**Work instruction**
Please output the records below in full, exactly as given, but without the images.

**Source information**

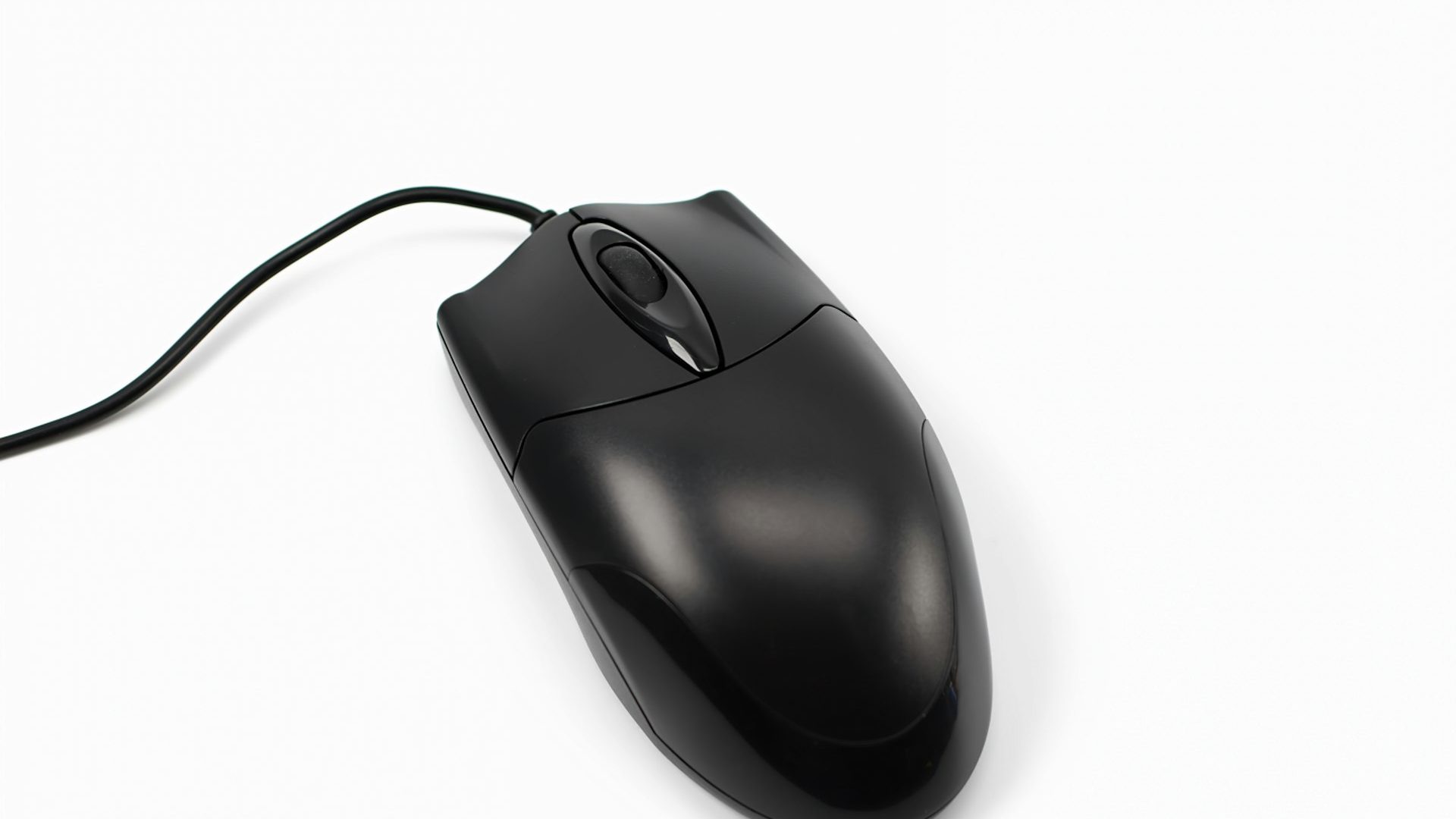 A black corded computer mouse
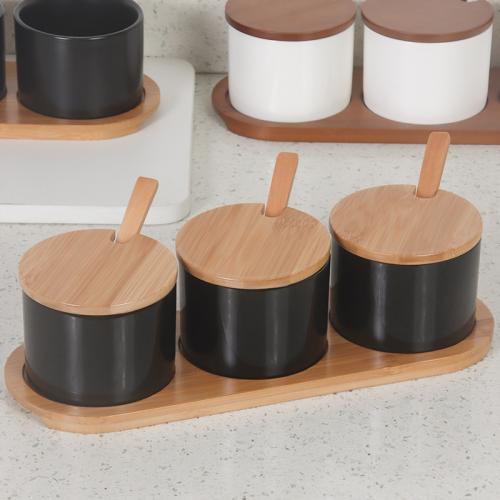 Porcelain Cruet Set Wood Set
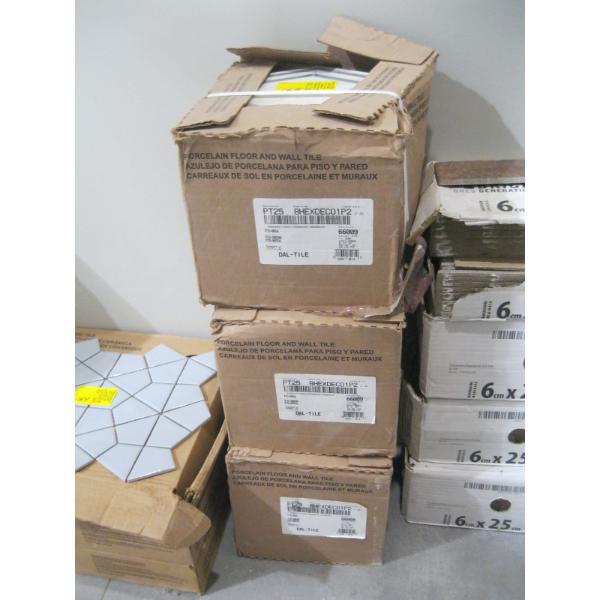 3 BOXES OF DECORATIVE 8"X8" HEXAGON TILE
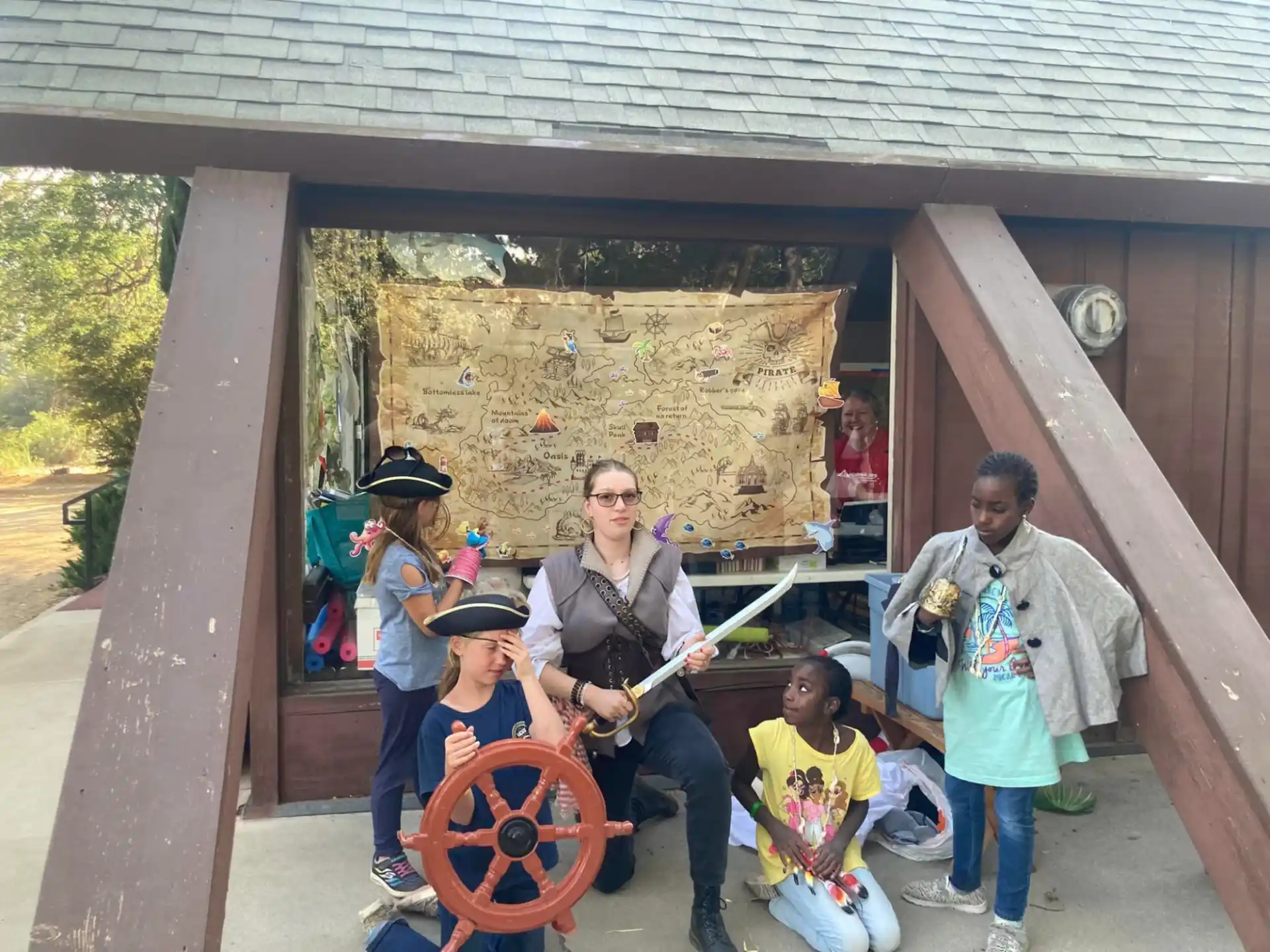 a group of people outside a building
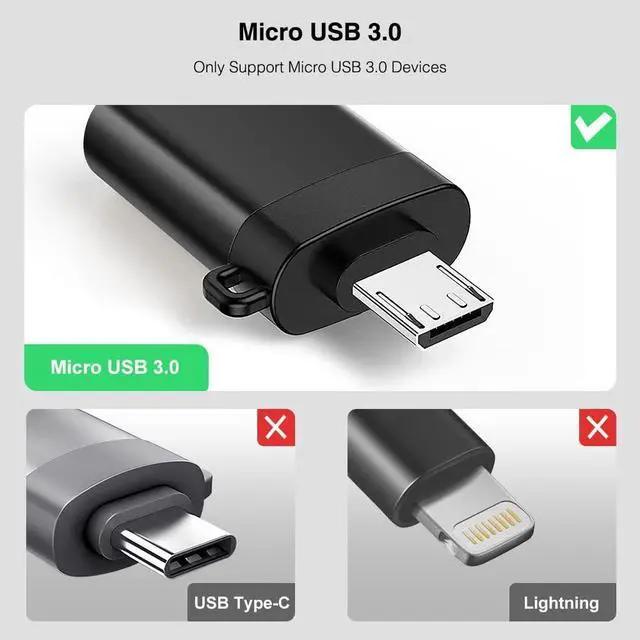 Alt view image 3 of 7 - Micro USB to USB 3.0 Adapter (2 Pack) with Lanyard Micro USB Male to USB-A Female OTG Adapter Compatible with  S7 S6 OTG Micro Devices Flash Drive Keyboard (Black)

**Task response**
 A black corded computer mouse
 Porcelain Cruet Set Wood Set
 3 BOXES OF DECORATIVE 8"X8" HEXAGON TILE
 a group of people outside a building
 Alt view image 3 of 7 - Micro USB to USB 3.0 Adapter (2 Pack) with Lanyard Micro USB Male to USB-A Female OTG Adapter Compatible with  S7 S6 OTG Micro Devices Flash Drive Keyboard (Black)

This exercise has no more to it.